LR-115 is a more recently invented nuclear track detector material. It is cellulose nitrate, and suffers damage from ionizing radiation like CR-39, and is etched with sodium hydroxide like CR-39, except that a lower concentration, lower temperature, and less time are required. The material contains a red colorant. It comes coated on a 100 micron clear polyester base, and in 6 micron or 12 microns of detector thickness.
A track that penetrates the whole surface layer will then show up as clear against the red material.
I found it difficult to buy CR-39. I was able to buy LR-115 from Dosirad in France; I'm reselling the 6 micron material. For the kits, I cut it down to 1 x 1.5 cm pieces. I sell a 9 x 12 cm sheet for $30.
LR-115 has a different response to radiation than CR-39. Tracks at energies above about 4 MeV may not sufficiently ionize the material with LR-115, at least Pam Mosier-Boss indicated this in an email.
However, Am-241 sources from ionizing smoke detectors produce beautiful, clear tracks in CR-39.
Now, Axil asked about the detection of neutrons. Neutrons, of course, don't leave tracks in SSNTDs. However, passing through a material containing hydrogen (like the detector materials), neutrons will collide with and eject protons from their positions in the plastics.

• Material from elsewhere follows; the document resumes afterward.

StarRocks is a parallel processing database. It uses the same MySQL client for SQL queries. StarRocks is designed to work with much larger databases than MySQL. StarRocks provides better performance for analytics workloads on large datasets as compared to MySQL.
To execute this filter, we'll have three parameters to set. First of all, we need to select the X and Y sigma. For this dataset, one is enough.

These protons leave tracks, and are used, then, to infer the presence of neutrons. Most of the tracks shown in the CR-39 images are rather obviously proton knock-on tracks.
SPAWAR, however, focused largely on rare triple-tracks, produced when a neutron impacts a carbon nucleus and breaks it into three alpha particles.

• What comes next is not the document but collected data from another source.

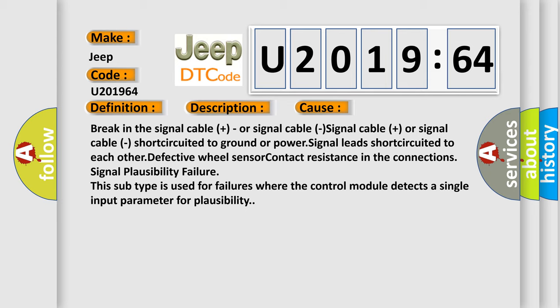Signal leads short-circuited to each other, defective wheel sensor, contact resistance in the connection, or signal plausibility failure. This subtype is used for failures where the control module detects a single input parameter for plausibility.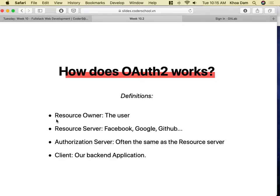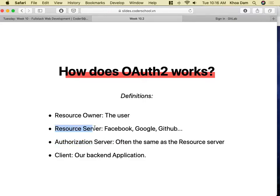Here are some terms you'll see in the documentation. Resource owner is the owner of the account — you, the user. Resource server is the server that stores your information — Facebook, Google, GitHub, GitLab. Authorization server is most of the time the same as the resource server; in rare cases they are separate servers, but most of the time they are the same. And lastly, the client — which is the backend application — is called 'client' from the point of view of the third-party service.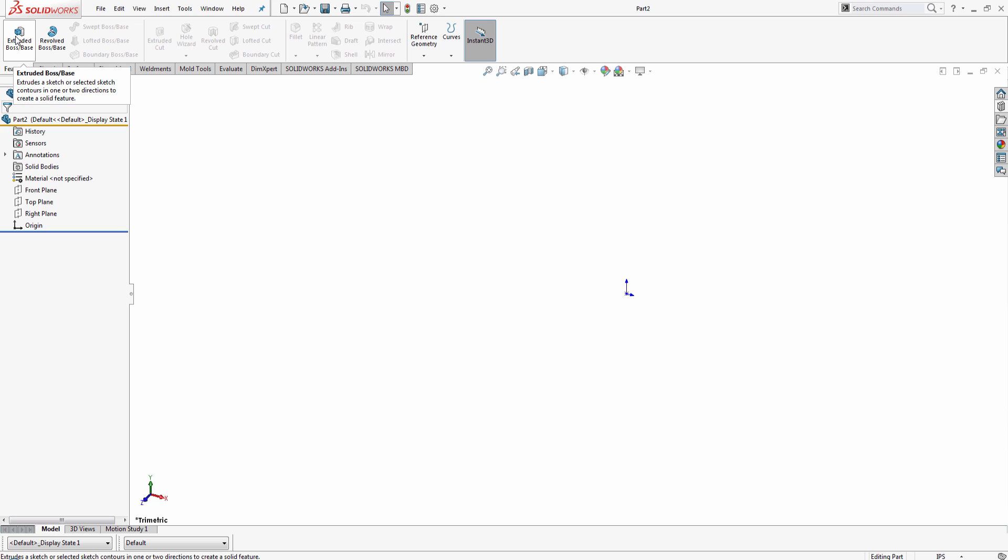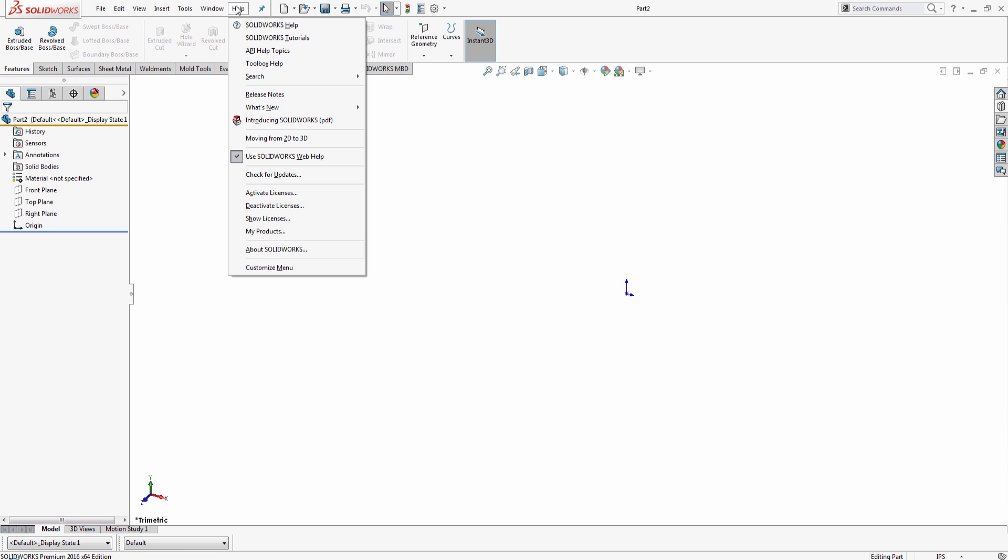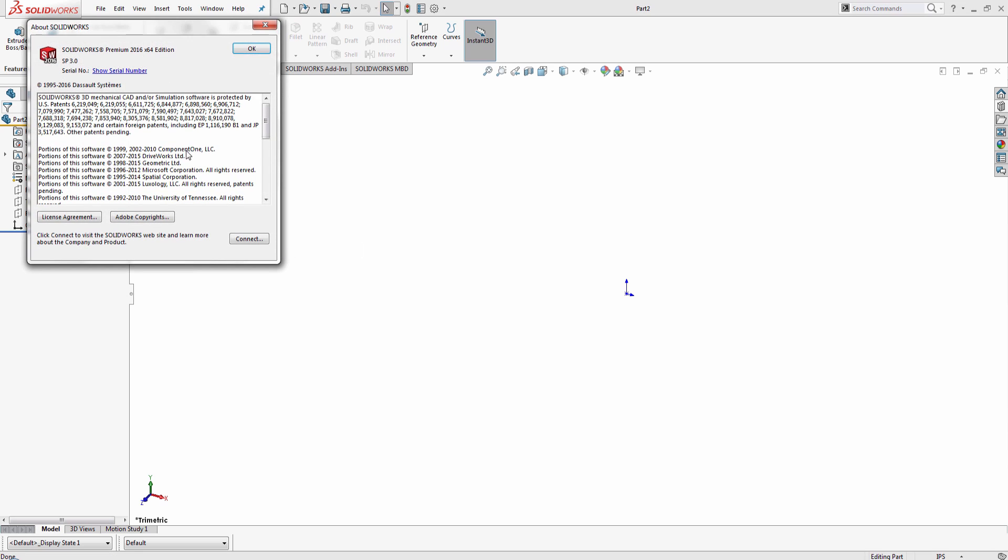In order to do this, you need to make sure that you have downloaded the latest Service Pack, which is Service Pack 3.0. I will go ahead and show you it real quick here. You can see right there, I'm running Service Pack 3.0.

In the first experimental run with one of my kits, done by a high school student, there are no clear tracks that were produced. The material was placed such that *only* neutron-caused tracks would be likely. It is possible that proton knock-on tracks were not energetic enough to produce tracks all the way through the detector layer, and more work is needed to characterize and determine the best etching protocol. However, LR-115 is sold for neutron detection, and we did follow the standard etching procedure, so the most likely explanation of the results is that neutrons were not generated.
Nevertheless, it will be important to see some comparison results with LR-115 exposed to a known and calibrated neutron source.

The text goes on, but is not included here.